___ INFORMATION PROVIDED

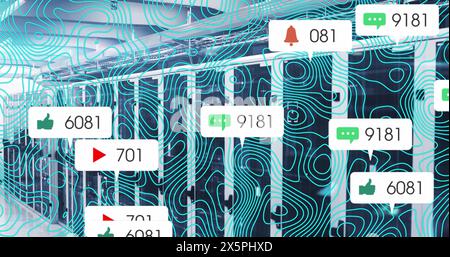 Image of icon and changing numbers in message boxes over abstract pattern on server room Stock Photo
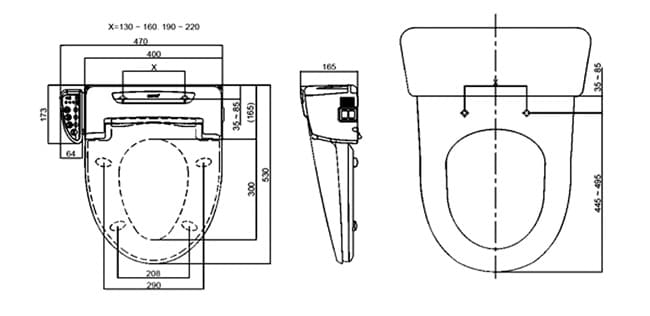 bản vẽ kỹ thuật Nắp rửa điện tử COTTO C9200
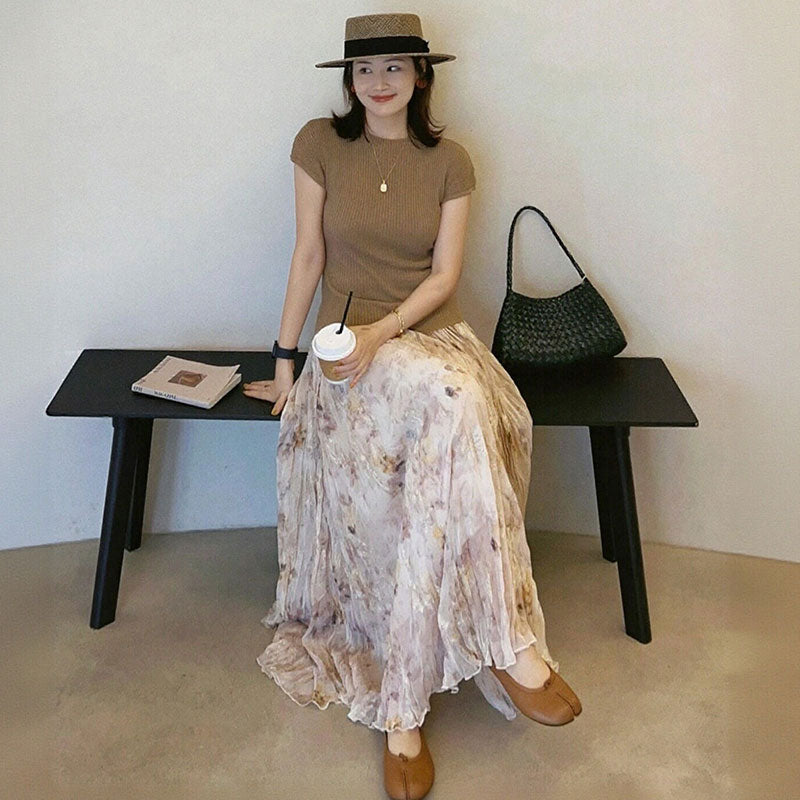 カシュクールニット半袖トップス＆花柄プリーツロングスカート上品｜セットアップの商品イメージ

______

EXERCISE OBJECTIVE:
Please set down each line of the listing above word for word, skipping any pictures.

TASK OUTPUT:
 Image of icon and changing numbers in message boxes over abstract pattern on server room Stock Photo
 bản vẽ kỹ thuật Nắp rửa điện tử COTTO C9200
 カシュクールニット半袖トップス＆花柄プリーツロングスカート上品｜セットアップの商品イメージ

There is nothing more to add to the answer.